Heart pacemakers and other implantable medical devices include electronic components contained within an outer housing. The outer housing of the implantable medical device can be formed of an appropriate material to withstand implantation within a human body. Implantable electronics can be shielded from external sources of electromagnetic interference (EMI) using a filter.
Conventionally, a feed-through filter can be coupled to an implantable medical device such that feed wires of the device pass through the feed-through filter as close as practical to the to the input-output connector on the implanted device. For example, as illustrated in FIGS. 38 and 39, a conventional implantable system 10 can include a canister or ferrule 11 through which feed wires 12 pass in order to connect between external circuitry of an implanted device and internal circuitry of the implanted device. The canister 11 can include a bushing 13 to secure and protect the feed wires 12. Bonding material 14 can be used to secure the feed wires 12 in the canister 11.
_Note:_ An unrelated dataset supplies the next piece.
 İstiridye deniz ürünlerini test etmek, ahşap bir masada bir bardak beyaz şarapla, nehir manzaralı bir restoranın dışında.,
A feed-though filter 15 can be disposed within the canister 11. Feed wires 12 completely pass through feed-through filter 15 to connect between the internal and external circuitry of the implanted device. The feed-through filter 15 can act as a capacitor such that the each of the feed wires 12 of the device is electrically connected to a respective set of electrode plates 16 and 17 within the feed-through filter by the electrically conductive via 18. Conductive plates 17 are interleaved between conductive plates 16 to produce the capacitance effect. However, such feed-through filters often require numerous intricate manufacturing steps and are susceptible to damage during manufacture and assembly prior to implantation.
Thus, a need exists for an improved electromagnetic interference filter for implantable medical devices. More particularly, it would be desirable to have a filter that can reduce manufacturing time, cost, and complexity while also improving installation reliability. While various implementations of electromagnetic interference filters for implantable medical devices have been developed, no design has emerged that generally encompasses all of the desired characteristics as hereafter presented in accordance with the subject technology.